"Akıl gözünü açma" dönemi
Hawking bir teorik fizikçi ama, insanların"rekabetçi ve saldırgan özüne" gönderme yapıyor.
Van Vugt,Van Lange,Robert Hogan. C. Boehm ise insanın iç dünyasını araştırmada uzmanlaşmış bilim insanları. O'nlar da, "...Doğada muhtemelen, rekabet kural, işbirliği istisnadır. İnsanlar bu bakımdan sıra dışıdır. İnsanlarda işbirliğinin yararları o kadar çoktur ki, bizler ultrasosyal bir tür olarak evrimleşmişizdir. Bütün bunlara rağmen insan doğası son derece kararsızdır ve sosyal davranışlar kaçınılmaz bir şekilde işbirliği ile rekabet arasında gidip gelir" saptamasını yaparlar.
Canlı evriminin üreme, mutasyon, ayıklama, yalıtım ve işbirliği aşamalarını geçtiği biliniyor.
Evrimleşmenin en üst düzeyini de "işbirliği" oluşturuyor.
İnsanoğlu ne zaman "işbirliğinin erdemini" görmezden geliyor; felaketler hemen kapısını çalıyor; hayatın tam orta yerinden vurmaya başlıyor.
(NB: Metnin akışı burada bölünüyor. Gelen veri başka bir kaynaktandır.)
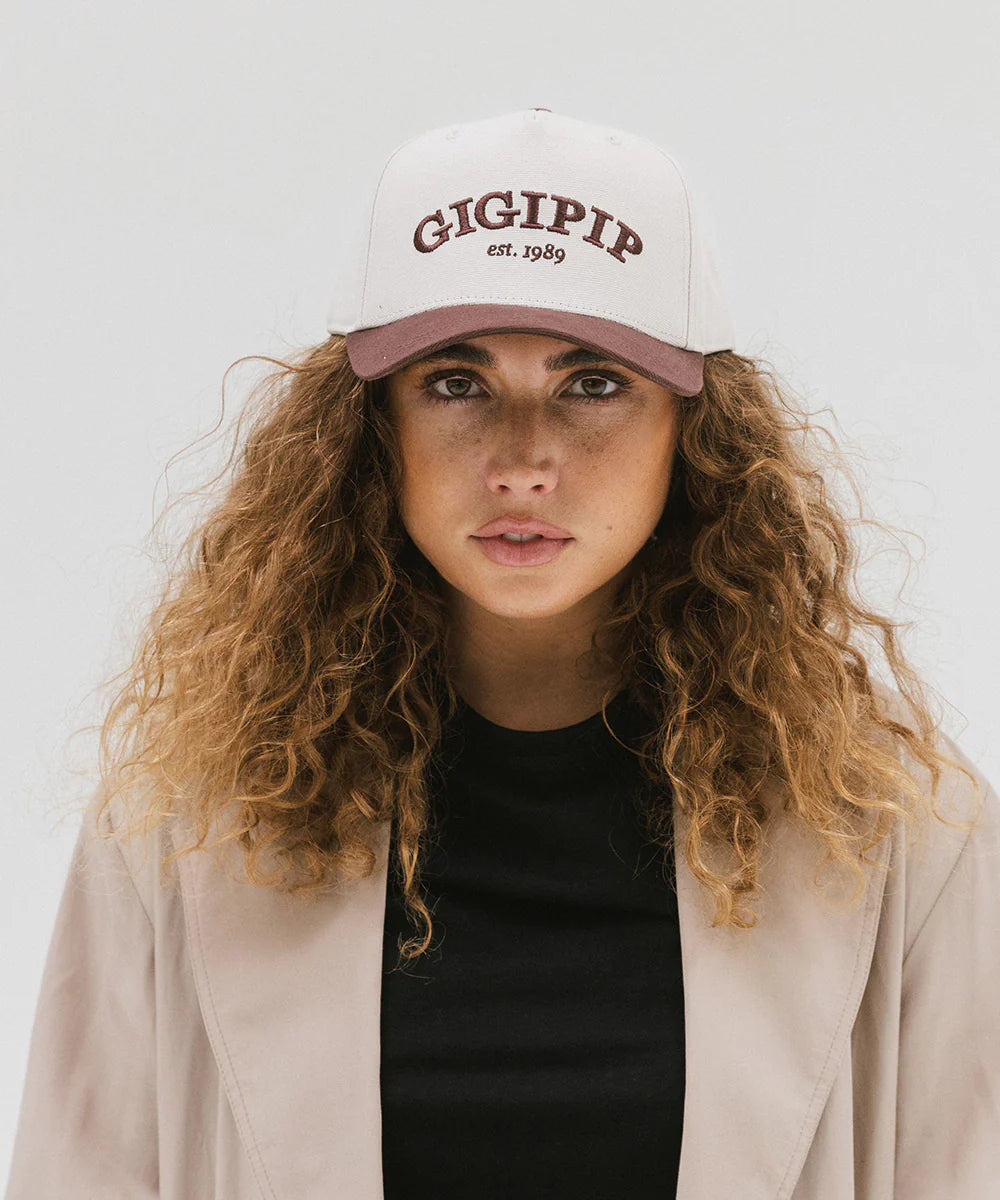 GIGI PIP CANVAS TRUCKER HAT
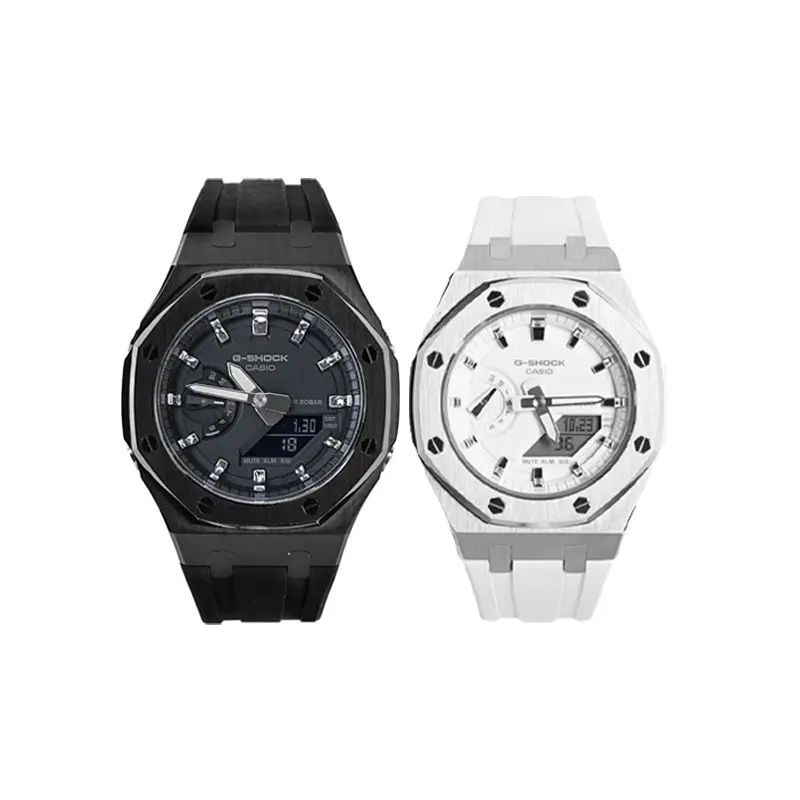 

CASIO Часы Unisex Liquid Crystal/Analog Dual Display Series 48.5mm Black Watch, Uninterrupted Couple's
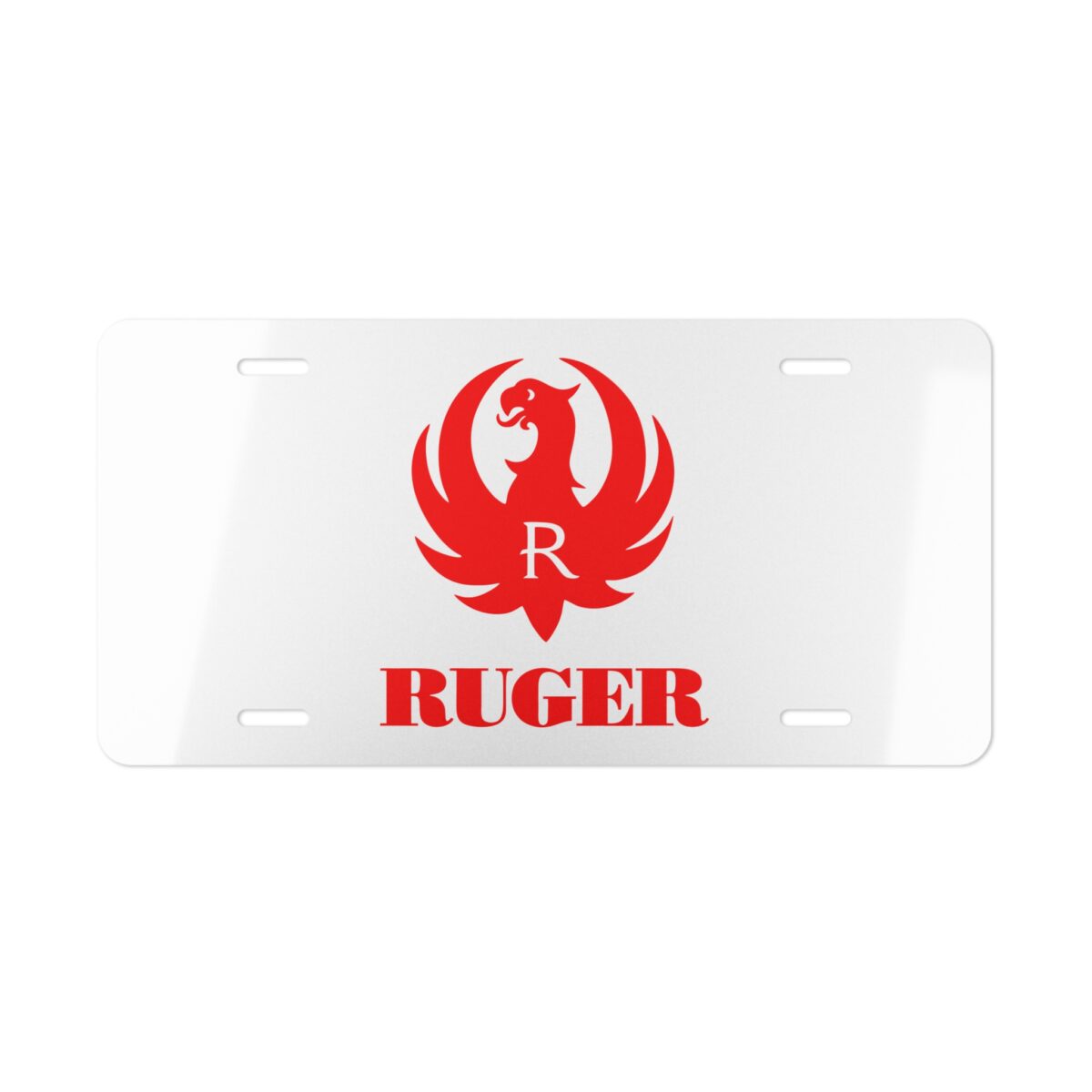 Ruger License Plate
Bu gerçeğe yaşadığımız "büyük krizde" bir kez daha tanıklık ettik.
Büyük kriz öncesinde "açgözlülük ve sorumsuzluk" duygularına fren koymadığımız kimseden gizlenmiş bir sır değil.
"Sloganları ciddi fikirlerin önüne koyma" konusunda adeta yarış ettik.
En değerli varlığımız olan aklımızı "piyasa her şeyi halleder" inancına emanet ettik.
"Kibir ve üstünlük inancı" yüreklerimizi öylesine sardı ki, kafamızı gölgelendi; yüreklerimiz yükle doldu. İnsanlığın en üst değerlerinden biri olan "işbirliğini" unuttuk.
Ödünsüz "gözetim ve denetim" yapmadığımız yerden, güvenliğin ve huzurun kaçacağını aklımızın ucundan bile geçirmedik...
Canımızı korumak istiyoruz; ama onun gereğinin yerine getirilmesinde, inanılmaz bir boş vermişliğin tuzağına yakalanıyoruz.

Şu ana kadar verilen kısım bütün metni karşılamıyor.